Configuring Segment Protection-Type Constraint

Use the constraints segments protection {protected-only | protected-preferred | unprotected-only | unprotected-preferred} command to configure the segment protection-type behavior.

The following example shows how to configure the policy with a SID-list that must be encoded using protected segments:

Router(config-sr-te)# policy POLICY1
Router(config-sr-te-policy)# color 10 end-point ipv6 2:2::22
Router(config-sr-te-policy)# candidate-paths
Router(config-sr-te-policy-path)# preference 100
Router(config-sr-te-policy-path-pref)# constraints
Router(config-sr-te-path-pref-const)# segments
Router(config-sr-te-path-pref-const-seg)# protection protected-only

The following example shows how to configure the SRv6 ODN policy that must be encoded using protected segments:

Router(config)# segment-routing traffic-eng
Router(config-sr-te)# on-demand color 20
Router(config-sr-te-color)# constraints 
Router(config-sr-te-color-const)# segments
Router(config-sr-te-color-const-seg)# protection protected-only

Configure SRv6 Policy with Dynamic Path

To configure a SRv6-TE policy with a dynamic path, optimization objectives, and affinity constraints, complete the following configurations:

  1. Define the optimization objectives.
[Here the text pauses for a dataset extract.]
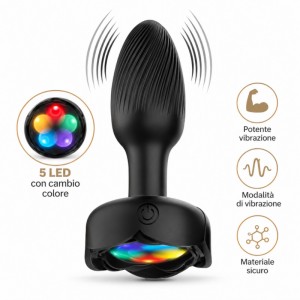 Plug Anale Led Vibrante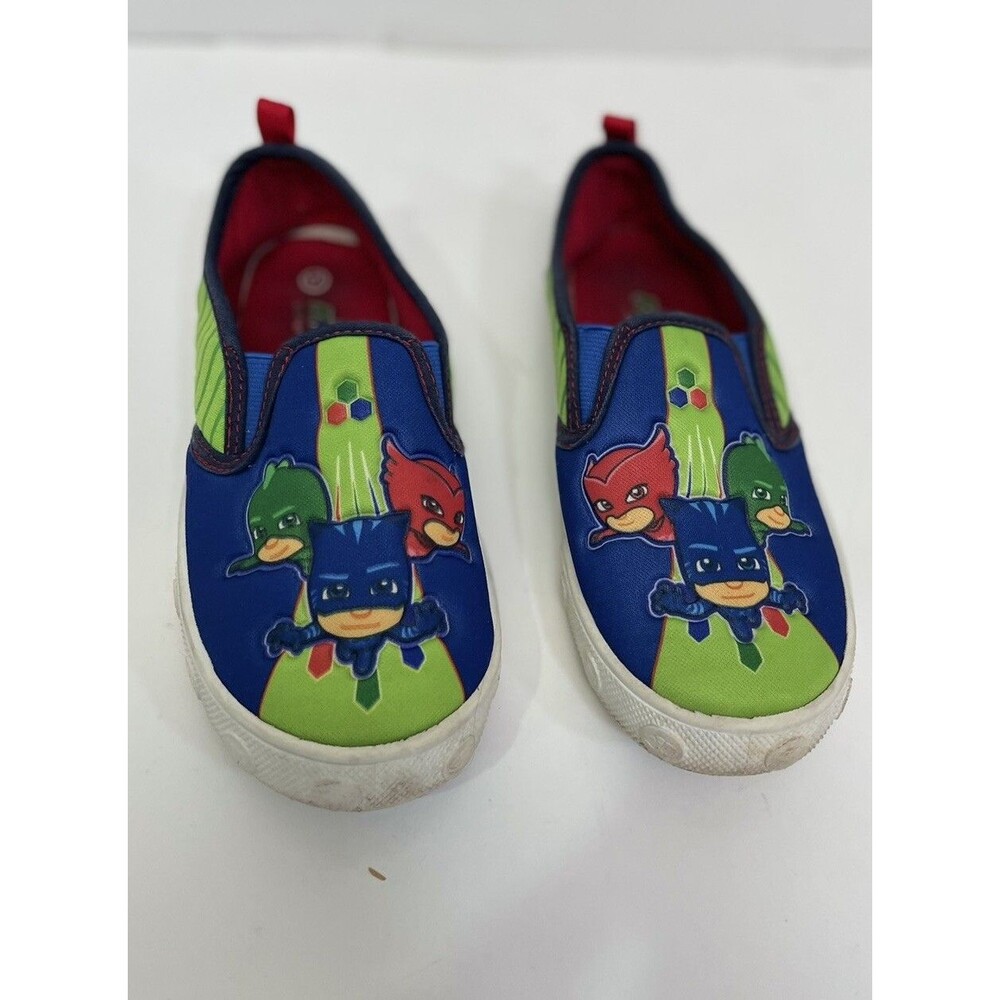 PJ Masks Canvas Slip On Sneakers Toddler Size 12 Kids Athletic Shoes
See the Optimization Objectives section.

  2. Define the constraints. See the Constraints section.

  3. Create the policy.

Behaviors and Limitations

For a dynamic path that traverses a specific interface between nodes (segment), the algorithm may encode this segment using an Adjacency micro-SID (uA SID).

Configuration

Create the SRv6-TE Policy

  • Use the segment-routing traffic-eng policy policy srv6 color color end-point ipv6 ipv6-address command to configure the SRv6-TE policy color and IPv6 end-point address.

    Node1(config)# segment-routing traffic-eng policy pol_node1_node4_te srv6 color 50 end-point ipv6 cafe:0:4::4
    
    

Specify Customized Locator and Source Address

  • (Optional) Use the segment-routing traffic-eng policy policy srv6 locator locator binding-sid dynamic behavior ub6-insert-reduced command to specify the customized per-policy locator and BSID behavior. If you do not specify a customized per-policy locator and BSID behavior, the policy will use the global locator and BSID behavior.

    Node1(config)# segment-routing traffic-eng policy pol_node1_node4_te srv6 locator node1 binding-sid dynamic behavior ub6-insert-reduced
    
    
  • (Optional) Use the segment-routing traffic-eng policy policy source-address ipv6 ipv6-address command to specify the customized IPv6 source address for candidate paths. If you do not specify a customized per-policy source address, the policy will use the local IPv6 source address.

    Node1(config)# segment-routing traffic-eng policy pol_node1_node4_te srv6 source-address ipv6 cafe:0:1::1
    
    

Enable Dynamic Path Computed by the SR-PCE

  • Use the segment-routing traffic-eng policy policy candidate-paths preference preference dynamic pcep command to specify the candidate path preference and enable dynamic path computed by the SR-PCE. The range for preference is from 1 to 65535.

    Node1(config)# segment-routing traffic-eng policy pol_node1_node4_te candidate-paths preference 100 dynamic pcep
    
    

Configure Dynamic Path Optimization Objectives

  • Use the segment-routing traffic-eng policy policy candidate-paths preference preference dynamic metric type {igp | te | latency} command to configure the metric for use in path computation.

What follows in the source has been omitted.